⟨

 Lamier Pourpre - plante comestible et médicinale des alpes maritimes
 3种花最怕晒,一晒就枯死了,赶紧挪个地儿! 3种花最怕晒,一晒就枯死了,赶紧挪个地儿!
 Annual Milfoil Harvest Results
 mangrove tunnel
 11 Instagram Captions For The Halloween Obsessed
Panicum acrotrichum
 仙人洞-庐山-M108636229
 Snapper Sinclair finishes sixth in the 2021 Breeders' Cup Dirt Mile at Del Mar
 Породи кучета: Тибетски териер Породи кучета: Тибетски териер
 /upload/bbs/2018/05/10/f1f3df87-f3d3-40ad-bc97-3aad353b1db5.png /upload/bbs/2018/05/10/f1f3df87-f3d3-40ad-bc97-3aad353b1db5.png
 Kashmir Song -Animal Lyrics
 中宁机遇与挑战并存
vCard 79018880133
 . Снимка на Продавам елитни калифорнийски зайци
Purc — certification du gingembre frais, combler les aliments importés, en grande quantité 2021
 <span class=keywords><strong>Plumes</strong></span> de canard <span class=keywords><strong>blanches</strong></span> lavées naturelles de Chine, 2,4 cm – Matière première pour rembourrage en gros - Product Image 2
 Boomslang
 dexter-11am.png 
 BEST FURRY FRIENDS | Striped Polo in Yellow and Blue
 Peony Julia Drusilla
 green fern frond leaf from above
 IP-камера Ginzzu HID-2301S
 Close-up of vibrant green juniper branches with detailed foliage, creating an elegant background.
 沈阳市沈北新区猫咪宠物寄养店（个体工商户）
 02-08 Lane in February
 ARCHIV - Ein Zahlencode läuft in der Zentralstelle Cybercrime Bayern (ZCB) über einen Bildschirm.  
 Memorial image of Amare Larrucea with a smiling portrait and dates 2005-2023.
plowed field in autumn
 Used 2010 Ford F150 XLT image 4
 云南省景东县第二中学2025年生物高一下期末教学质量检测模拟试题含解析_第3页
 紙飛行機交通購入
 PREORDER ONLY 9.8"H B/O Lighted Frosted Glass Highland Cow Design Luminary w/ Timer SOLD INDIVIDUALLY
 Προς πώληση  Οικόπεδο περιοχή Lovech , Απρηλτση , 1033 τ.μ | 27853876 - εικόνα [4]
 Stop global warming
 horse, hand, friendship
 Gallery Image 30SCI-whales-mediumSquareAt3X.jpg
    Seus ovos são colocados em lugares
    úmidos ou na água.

⟩

_Task brief_
Print every line you see above, exactly as written.

_Your response_
 Lamier Pourpre - plante comestible et médicinale des alpes maritimes
 3种花最怕晒,一晒就枯死了,赶紧挪个地儿! 3种花最怕晒,一晒就枯死了,赶紧挪个地儿!
 Annual Milfoil Harvest Results
 mangrove tunnel
 11 Instagram Captions For The Halloween Obsessed
Panicum acrotrichum
 仙人洞-庐山-M108636229
 Snapper Sinclair finishes sixth in the 2021 Breeders' Cup Dirt Mile at Del Mar
 Породи кучета: Тибетски териер Породи кучета: Тибетски териер
 /upload/bbs/2018/05/10/f1f3df87-f3d3-40ad-bc97-3aad353b1db5.png /upload/bbs/2018/05/10/f1f3df87-f3d3-40ad-bc97-3aad353b1db5.png
 Kashmir Song -Animal Lyrics
 中宁机遇与挑战并存
vCard 79018880133
 . Снимка на Продавам елитни калифорнийски зайци
Purc — certification du gingembre frais, combler les aliments importés, en grande quantité 2021
 <span class=keywords><strong>Plumes</strong></span> de canard <span class=keywords><strong>blanches</strong></span> lavées naturelles de Chine, 2,4 cm – Matière première pour rembourrage en gros - Product Image 2
 Boomslang
 dexter-11am.png 
 BEST FURRY FRIENDS | Striped Polo in Yellow and Blue
 Peony Julia Drusilla
 green fern frond leaf from above
 IP-камера Ginzzu HID-2301S
 Close-up of vibrant green juniper branches with detailed foliage, creating an elegant background.
 沈阳市沈北新区猫咪宠物寄养店（个体工商户）
 02-08 Lane in February
 ARCHIV - Ein Zahlencode läuft in der Zentralstelle Cybercrime Bayern (ZCB) über einen Bildschirm.  
 Memorial image of Amare Larrucea with a smiling portrait and dates 2005-2023.
plowed field in autumn
 Used 2010 Ford F150 XLT image 4
 云南省景东县第二中学2025年生物高一下期末教学质量检测模拟试题含解析_第3页
 紙飛行機交通購入
 PREORDER ONLY 9.8"H B/O Lighted Frosted Glass Highland Cow Design Luminary w/ Timer SOLD INDIVIDUALLY
 Προς πώληση  Οικόπεδο περιοχή Lovech , Απρηλτση , 1033 τ.μ | 27853876 - εικόνα [4]
 Stop global warming
 horse, hand, friendship
 Gallery Image 30SCI-whales-mediumSquareAt3X.jpg
    Seus ovos são colocados em lugares
    úmidos ou na água.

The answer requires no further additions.